The air traveled through the HEPA air filter, up the ducts specially insulated to reduce noise, out of the signature 0.8 mm air blades and back at Jeff’s penis. As the machine whirred, managing to spend just a fraction of the energy of other hand dryers, the loose skin of Jeff’s scrotum whipped around like a dog’s cheeks hanging out of a car window.

“Any sexual analogies would fail here, since the machine was blowing air and not sucking it,” Jeff clarifies. “It was not hygienic, but I am not a precautious or smart person either.”

Nevertheless, Jeff prevailed. “I didn’t bob up and down; rather, I rested my dick on the edge because it was receiving the air from both sides, and since my dick is curved in a convex way, the underside of [it] had more air pushing below it, which felt pretty weird but in a good way.”

He admits Dyson’s feat of engineering technology — it took the company seven years to perfect its V4 motor, according to the site — didn’t really get his rocks off. So he finished the job himself, afterward, in a locked toilet stall.

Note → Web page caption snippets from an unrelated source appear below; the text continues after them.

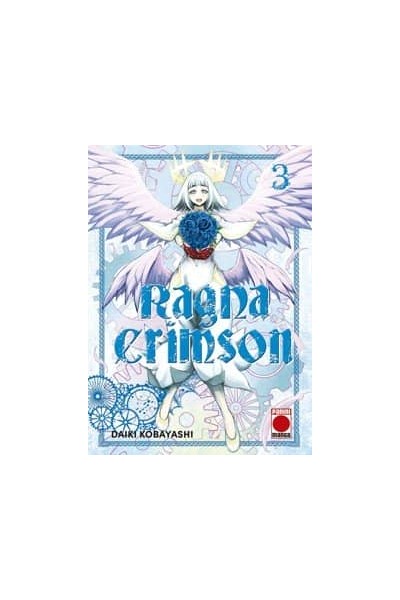 RAGNA CRIMSON 3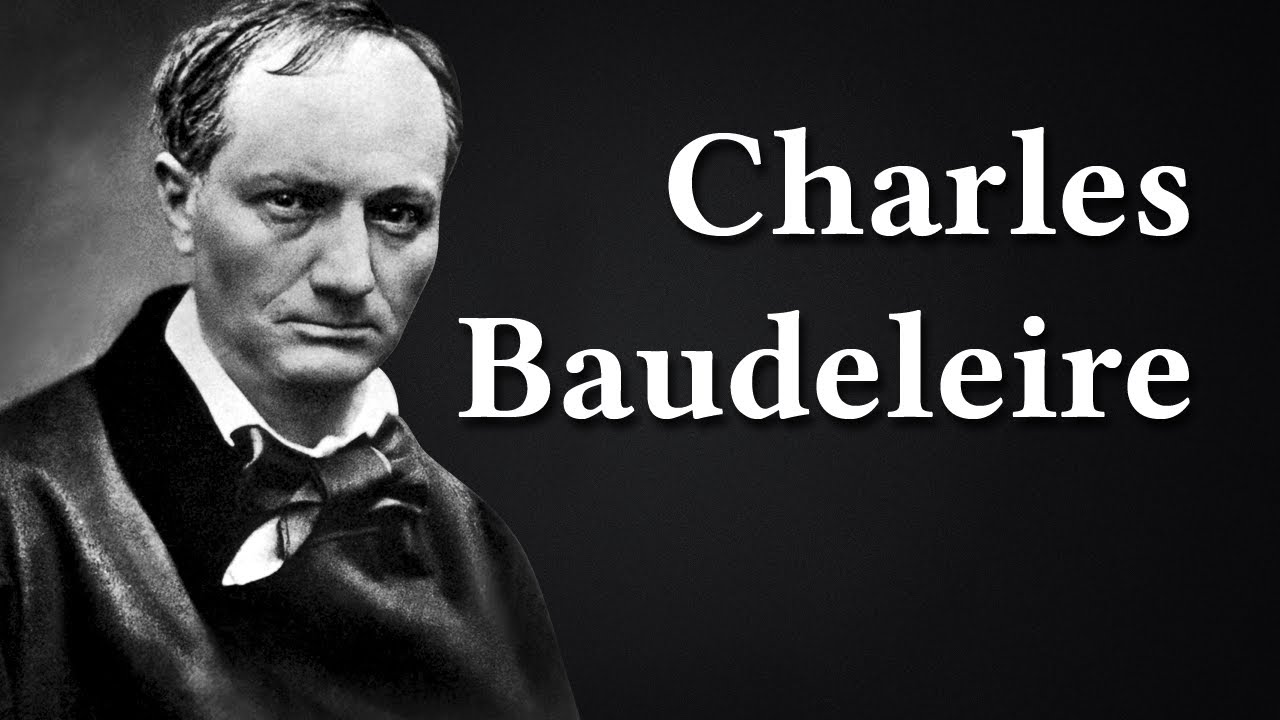 Frasi di Charles Baudeleire [Poeti Maledetti] - YouTube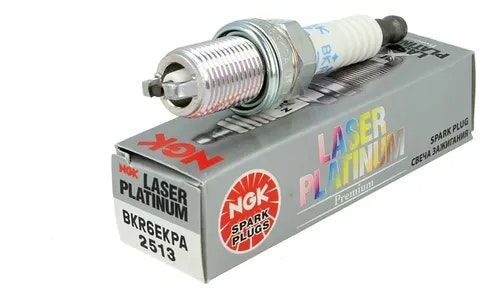 Tändstift NGK BKR6EKPA 1996-09 1,6, 1,8, 2,0 Twin Spark (Laser Platina)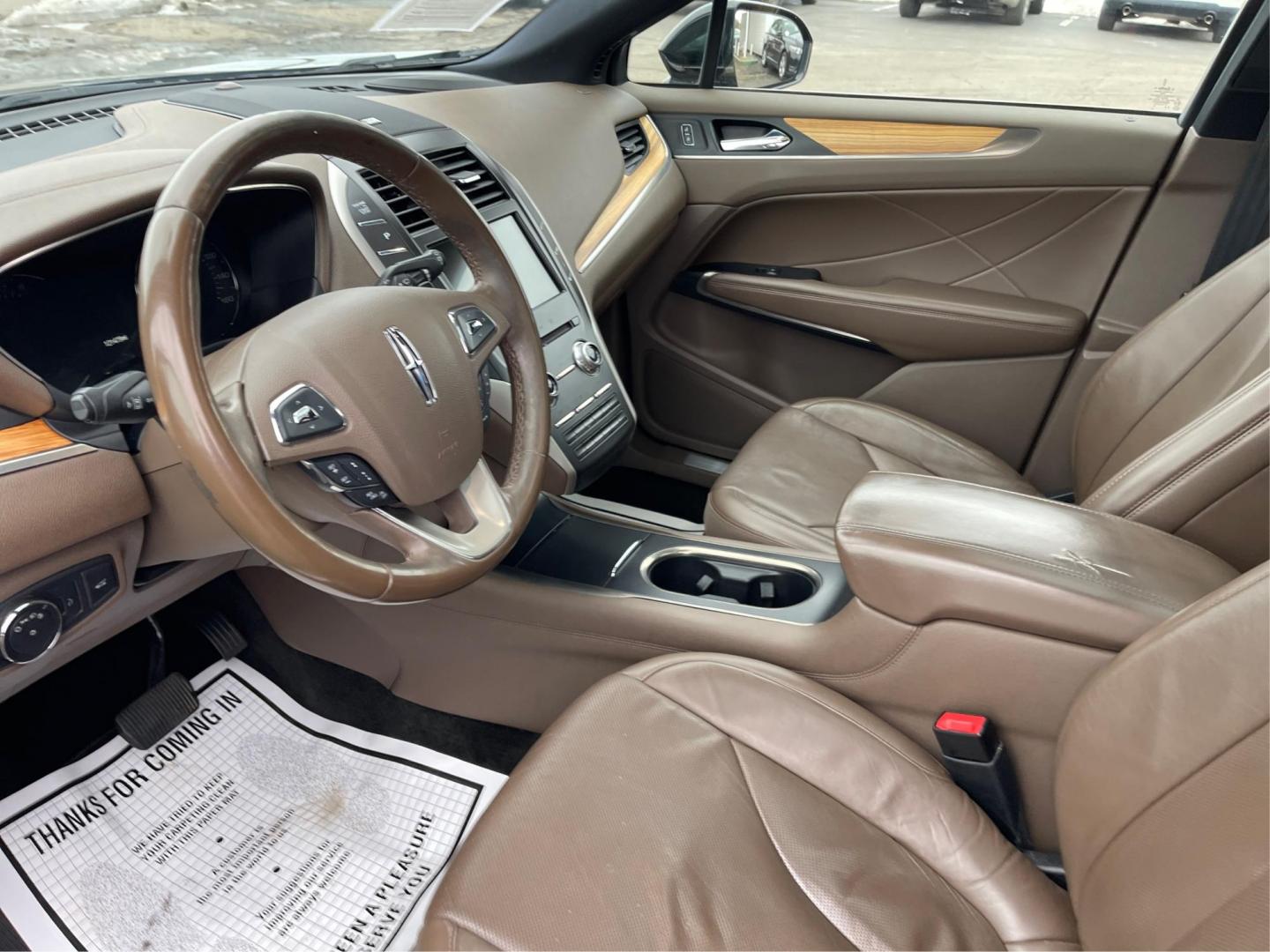 2016 Lincoln Mkc Reserve (5LMTJ3DH5GU) with an Other engine, located at 1230 East Main St, Xenia, OH, 45385, (937) 908-9800, 39.688026, -83.910172 - Photo#8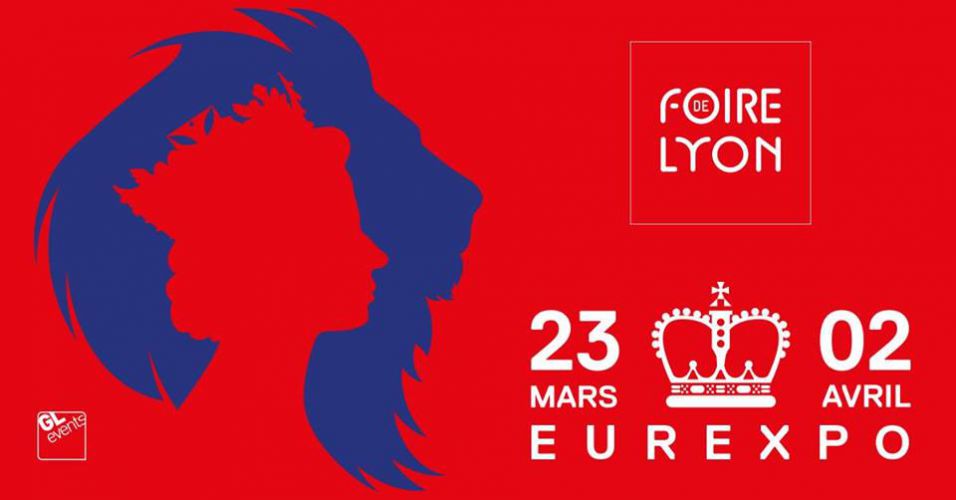 Foire de Lyon 2018 – London Edition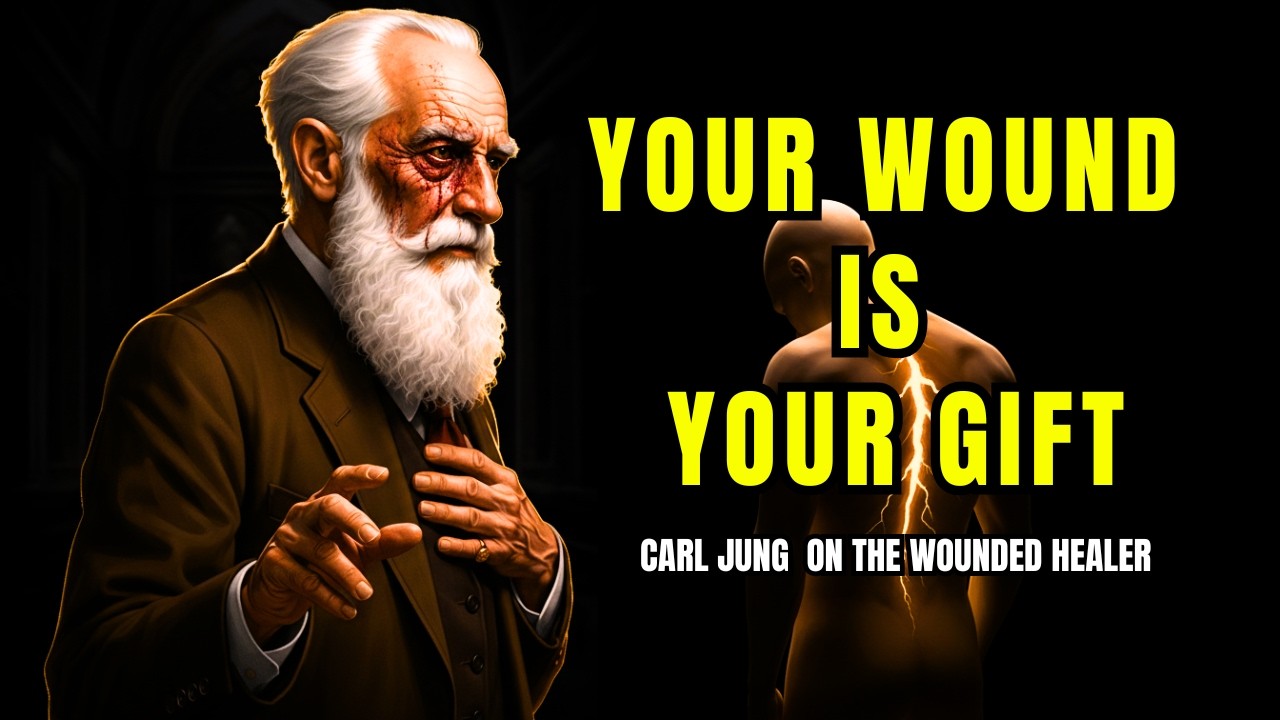 You Don't Need to Be Healed to Heal — Carl Jung on the Wounded Healer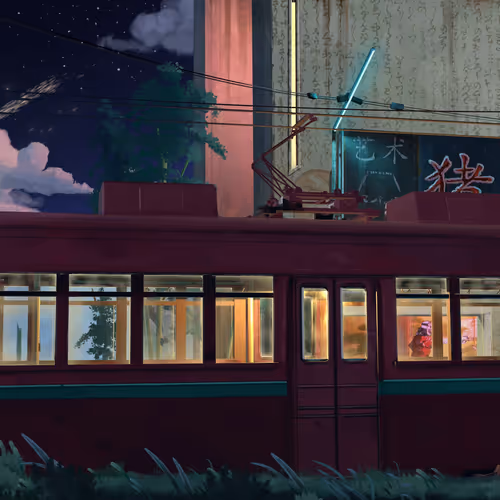 Midnightbreezefragments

The whole ordeal “was about two to five minutes,” Jeff tells MEL. “I was constantly worried [my friends would] bust in, but I had told them that I was going to shit… which is true. That was my original intent. Obviously that didn’t happen, but it was my safety net for being gone as long as I was.”

Afterward, he felt a “sense of amazement accompanied with hidden accomplishment.” He wiped down the dryer and headed back to dinner.

He’s returned to the restaurant a few times since that night, “and it does trigger a nostalgic sort of experience, like, ‘been there, done that,’” he says. “But I have not used that dryer again, and even though it’s been cleaned, I probably never will.”

As far as he remembers, “I haven’t told anyone this story,” he concludes. “I just kept it as one of my pervy secrets… until now.”